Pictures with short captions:
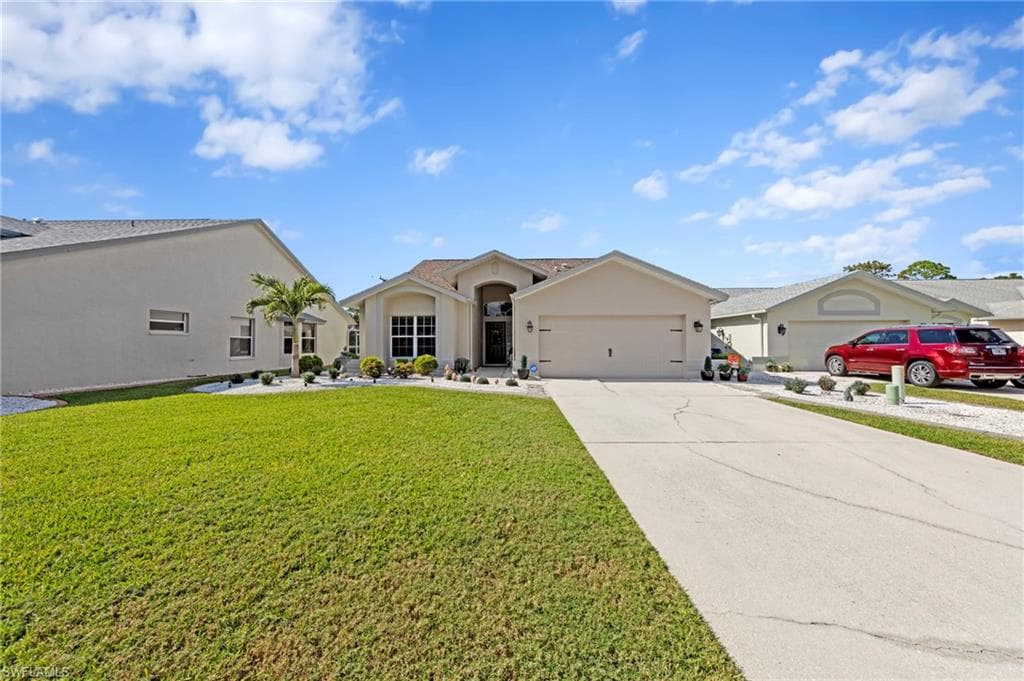 18040 Horseshoe Bay CIR, FORT MYERS FL 33967-1
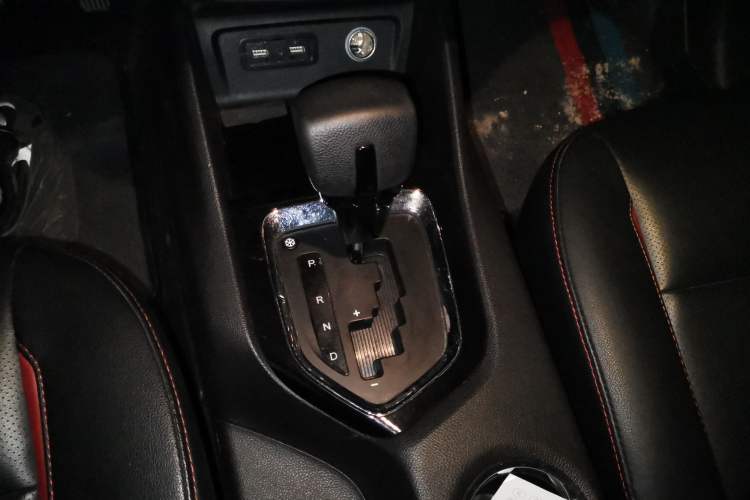 Used Soueast DX3 2016 1.5T CVT Prestige Edition Gear Lever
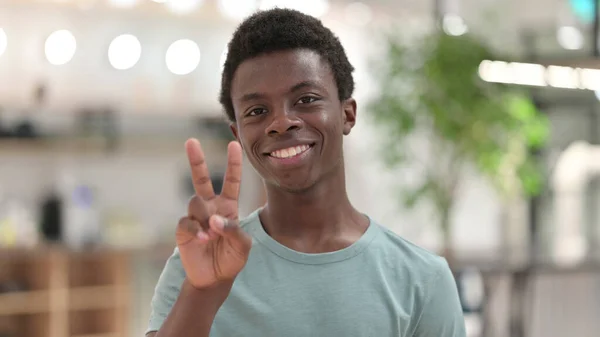 승리의 표징을 보여 주는 젊은 아프리카 남자의 모습 — 스톡 사진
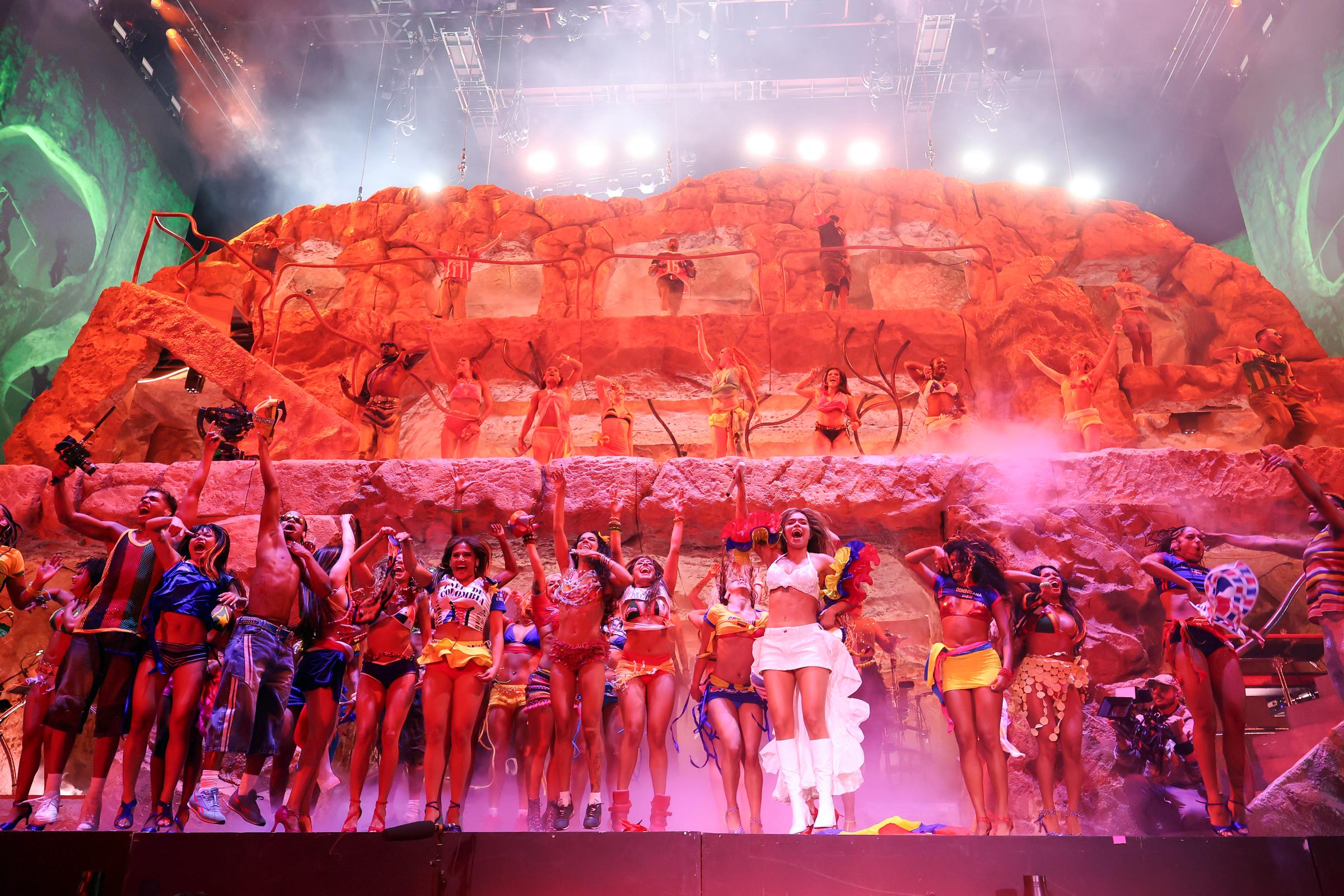 Karol G actuó en el escenario Coachella durante el Festival de Música y Artes de Coachella Valley 2026 en el Empire Polo Club el 12 de abril de 2026 en Indio, California. | Fuente: Getty Images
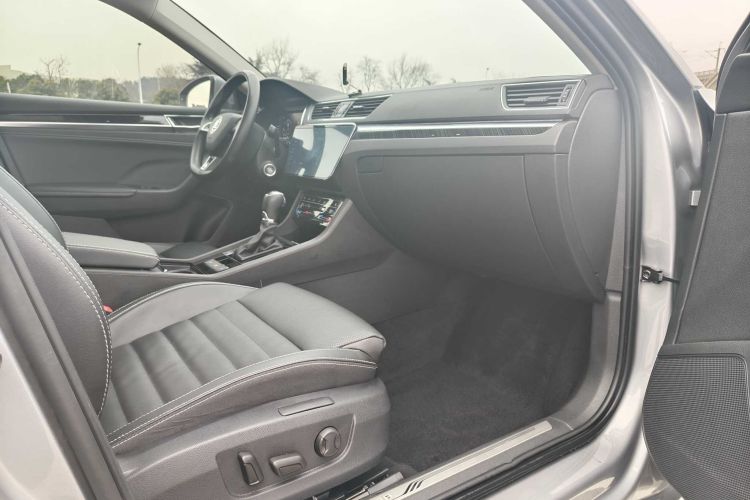 2022 Skoda Superb - Main View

Aim of the exercise:
You are asked to output the records precisely as they appear, minus any pictures.

Answer for this exercise:
 18040 Horseshoe Bay CIR, FORT MYERS FL 33967-1
 Used Soueast DX3 2016 1.5T CVT Prestige Edition Gear Lever
 승리의 표징을 보여 주는 젊은 아프리카 남자의 모습 — 스톡 사진
 Karol G actuó en el escenario Coachella durante el Festival de Música y Artes de Coachella Valley 2026 en el Empire Polo Club el 12 de abril de 2026 en Indio, California. | Fuente: Getty Images
 2022 Skoda Superb - Main View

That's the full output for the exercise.